Dos años después, en 2015, Cristina ya había cedido el primer lugar de la fórmula presidencial a un no-cristinista como Scioli, pero colocando como acompañante a un hombre de su confianza como Zannini. En 2019, volvió a dejar en manos de otro exadversario como Alberto Fernández la primera candidatura, reservándose para sí el segundo lugar.
De doce años (tres elecciones) en los que Cristina y Néstor fueron los líderes excluyentes del peronismo y sus candidatos presidenciales, se pasó a ocho años (dos elecciones) en los que ella debió entregar una parte de la boleta. Aunque con la expectativa de controlar igual la suma del poder. Con la derrota de Scioli frente a Macri no se pudo saber lo que hubiera pasado en ese sentido, pero con Alberto se probó que la cuota de poder que obtuvo fue sustancialmente menor que la que imaginaba.

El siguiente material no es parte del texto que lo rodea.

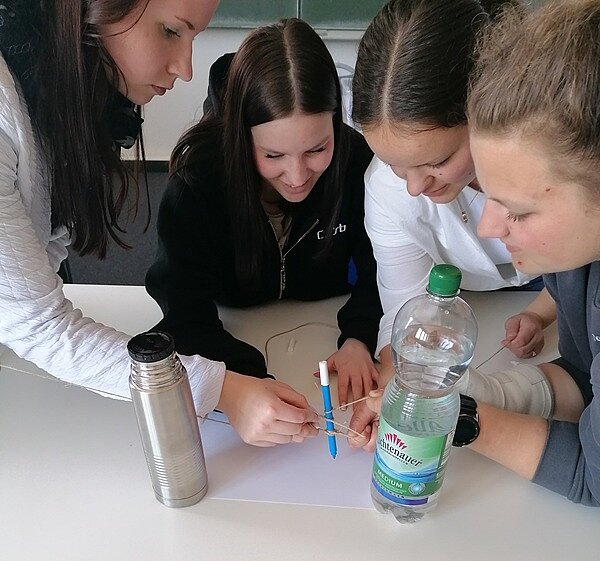 Teamwork Schülerinnen und Schüler sind über einen Tisch gebeugt und arbeiten an einer Gruppenaufgabe, in der sie etwas mithilfe einer Wasserflasche, Bändern und einem Stift bewerkstelligen müssen.
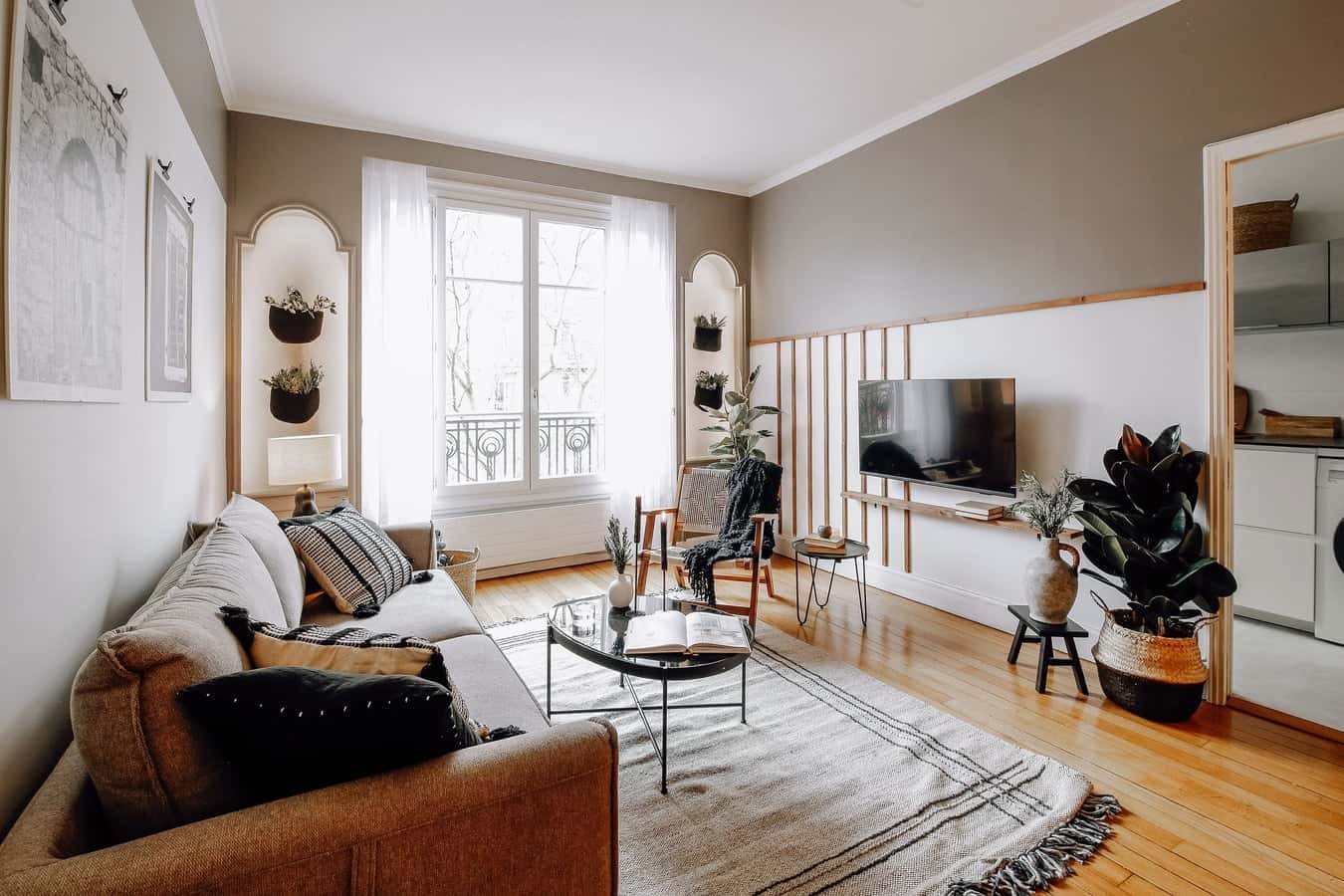 Sofa rug coffee table chair television living room at Apartment in 35 Av. de Versailles, 75016 Paris, France in Paris Student Accommodation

Lógica del despoder. Estos comicios presentan dos novedades significativas. Serán los primeros en los que ni el candidato a presidente ni a vicepresidente representan al cristinismo. Y, además, serán los primeros en los que ninguno de los dos lugares fue elegido por ella, que se limitó a dar su visto bueno final.
La pregunta es por qué la expresidenta perdió su poder de decisión total sobre la elección de los candidatos presidenciales. La siguiente duda es si aquella advertencia del jefe de Estado sobre el fin del cristinismo tuvo algo que ver con lo que terminó ocurriendo.
Descreo del poder de un individuo para cambiar el rumbo de la historia, aunque lo habitual es personalizar en un apellido los grandes giros de la humanidad. Lo que no quita que haya líderes que logren acelerar o retrasar los procesos históricos.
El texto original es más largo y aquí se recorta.